And the big one, the actual search. This is pretty long and needs to be refactored, but it works for now.

Private Sub cmdSearch_Click()
    Dim vaTerms As Variant
    Dim i As Long, j As Long
    Dim aFolders() As String
    Dim sFolder As String, sFile As String, lFile As Long
    Dim lCnt As Long
    Dim dtFolder As Date
    Dim sText As String
    Const sPATH As String = "\\yourserver\rawdata\"
    ReDim aFolders(1 To 1000)
    sFolder = Dir(sPATH & "*", vbDirectory)
    'get a list of folders in the date range
    Do While Len(sFolder) > 0
        If Len(sFolder) = 8 Then
            dtFolder = DateSerial(Left$(sFolder, 4), Mid$(sFolder, 5, 2), Right$(sFolder, 2))
            If dtFolder >= CDate(Me.tbxStartDate.Text) And dtFolder <= CDate(Me.tbxEndDate.Text) Then
                lCnt = lCnt + 1
                aFolders(lCnt) = sFolder
                sFolder = Dir
            End If
        End If
        sFolder = Dir
    ReDim Preserve aFolders(1 To lCnt)
    lCnt = 0
    vaTerms = Split(Me.tbxSearch.Text, Space(1))
    'Make a dummy result
    Me.lbxResults.AddItem vbNullString
    For i = LBound(aFolders) To UBound(aFolders)
        sFolder = sPATH & aFolders(i) & "\"
        sFile = Dir(sFolder & Me.cbxVendor.Value & "*.IN?")
        Do While Len(sFile) > 0
            'Show the current folder as a result
            Me.lbxResults.Column(0, 0) = sFolder & sFile
            'Open the file and read in all the text
            lFile = FreeFile
            Open sPATH & aFolders(i) & "\" & sFile For Binary As lFile
                sText = Space$(LOF(lFile))
                Get #1, , sText
            Close lFile
            'Loop through the space separated search terms and see if
            'they're in the file
            For j = LBound(vaTerms) To UBound(vaTerms)
                If InStr(1, sText, vaTerms(j), vbTextCompare) > 0 Then
                    'This is the animation part
                    Me.lbxResults.AddItem vbNullString, 0
                    Me.lbxResults.TopIndex = 0
                    lCnt = lCnt + 1
                    Exit For
                End If
            Next j
            sFile = Dir
    Next i
    'Get rid of the dummy
    Me.lbxResults.RemoveItem 0
End Sub

It takes about 60 seconds per month to search the files. That’s a long time so it’s necessary to entertain the user while he waits. The top entry in the results listbox is whatever the current file is. It rapidly changes the display as it loops through the folder. When there’s a hit, that file becomes the second entry and any prior hits move down. This little animation lets the user know that it’s still working and gives him a list of what hits have been found already.

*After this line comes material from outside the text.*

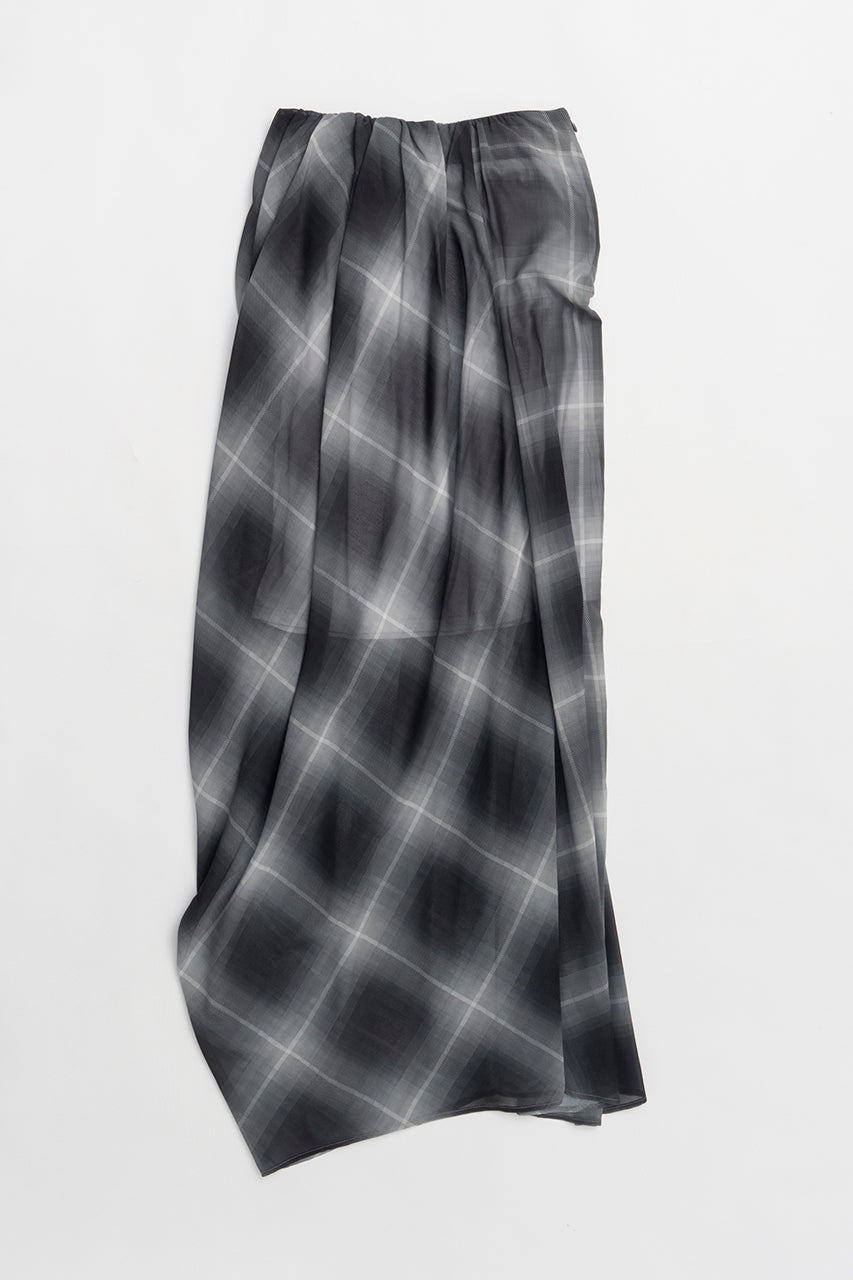 Draped Sheer Check Skirt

You can download SearchTextFiles.zip

Setting the Tab Order of Userform Controls Programmatically

I hate designing userforms. I mean the part where I’m lining up controls, renaming controls, and all the other super-fiddly parts of making a form look and act right – like setting the tab order. I always wait until the very end so I don’t have to do it twice. And that Tab Order dialog? Forget about it.

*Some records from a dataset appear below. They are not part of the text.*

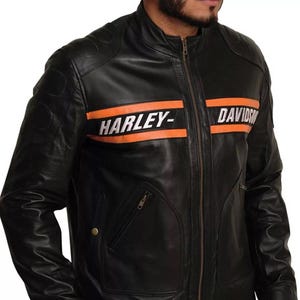 Blouson moto HD WWE Bill Goldberg pour hommes classique noir fait main à rayures en cuir de vachette véritable avec logo HD brodé
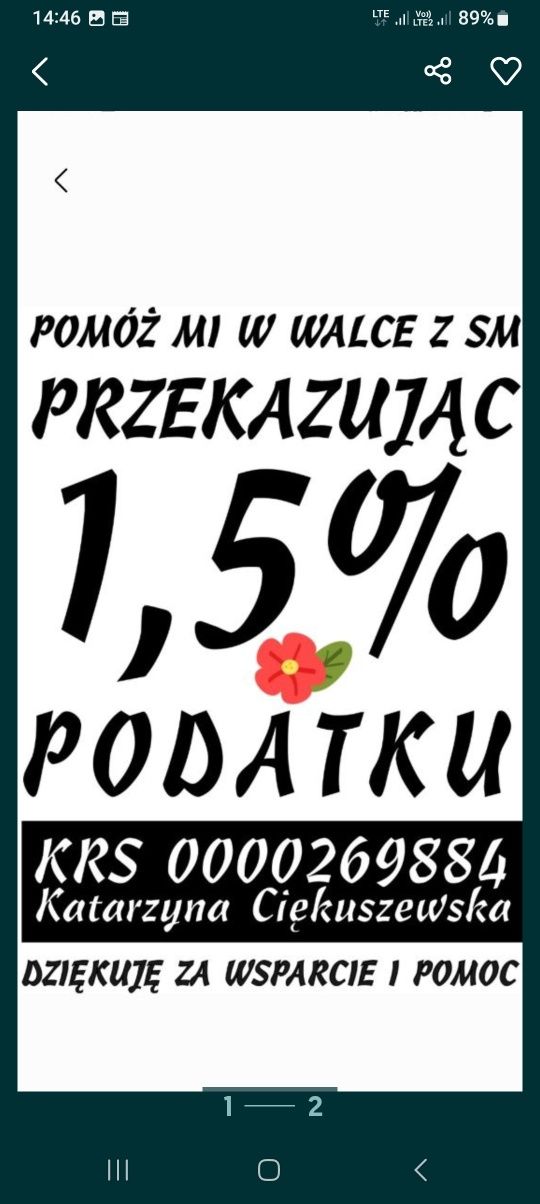 Przekaż 1,5% Podatku na leczenie i rehabilitację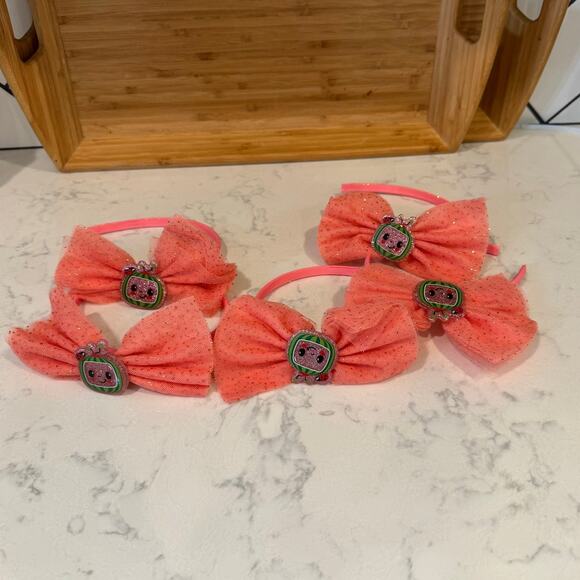 Cocomelon Watermelon Headband pink peach sparkly girly bday party x5 - Picture 1 of 5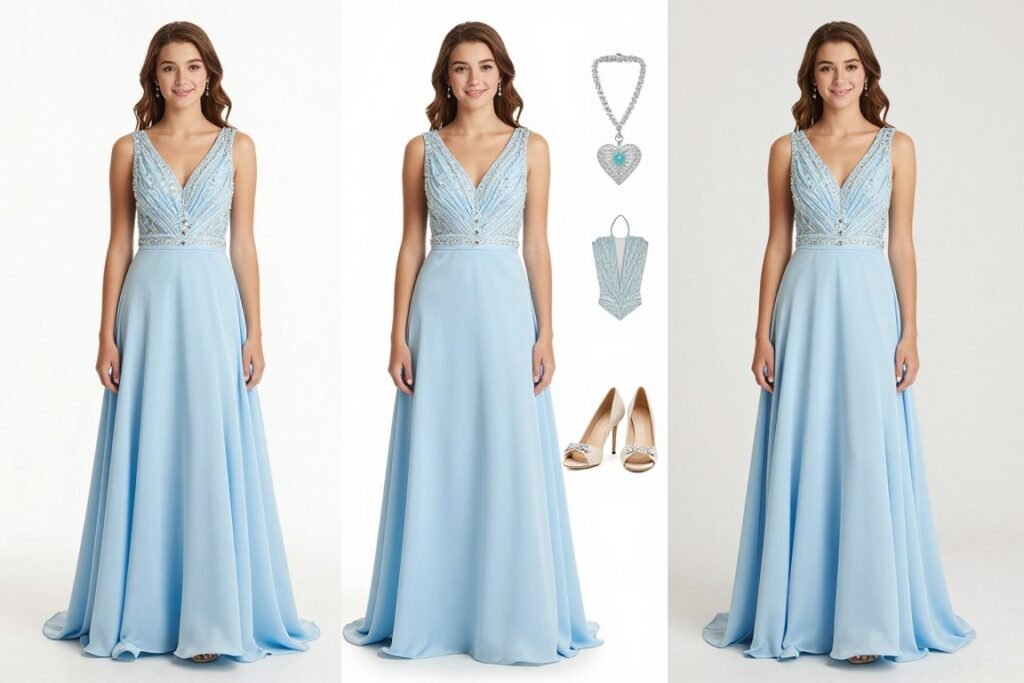light blue formal dress styled for prom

When I’m finally ready to set the tab order, I find the first control and click Move Up until it’s at the top. Next, I find the second control and click Move Up until it’s just below the first control. Then I go to Whammyburger and force them to serve me breakfast. Then I go back and do the rest of the controls. It’s maddening. I decided finally to do something about it.

First I set a reference to the VBA Extensibility Library.

Then I put this code in a standard module

Public Sub FixTabOrder()
    Dim ctl As Control
    Dim i As Long, j As Long
    Dim lCnt As Long
    Dim vbc As VBIDE.VBComponent
    'Change this to the name of your userform
    Set vbc = ThisWorkbook.VBProject.VBComponents("UInvoice")
    For i = 1 To vbc.Properties("Width")
        For j = 1 To vbc.Properties("Height")
            For Each ctl In vbc.Designer.Controls
                If ctl.Top = i And ctl.Left = j Then
                    ctl.TabIndex = lCnt
                    lCnt = lCnt + 1
                End If
            Next ctl
        Next j
    Next i
    For Each ctl In vbc.Designer.Controls
        Debug.Print ctl.Name, ctl.TabIndex
    Next ctl
End Sub

This is pretty brute force, but it only take a few seconds to run, so who cares. The i and j variables move through the userform point-by-point, left to right, top to bottom (that’s the typographical point, not the agenda items point). For every point on the userform, it loops through every control to see if that control starts at that point. If it finds one, it sets the controls TabIndex to the next number. At the end it just prints out the control names and tabs.

Even if that’s not exactly how I want my tab order, it gets it close and I can make other modifications manually.

If you have a super-wide or super-long form, it will take longer. The right way to do this is to put all the controls in an array and sort them by their Top and Left properties. If this method is too slow, you should write that up. Then send me a copy.

DDoE Servers

Don’t call it a streak, but it’s been almost five days since MySQL crashed. I made a change late last week that masks the problem appropriately. I still don’t know what causes the problem, and probably never will, but as long as the server stays up, I’m in a better place. I’ve been fighting this for over a year.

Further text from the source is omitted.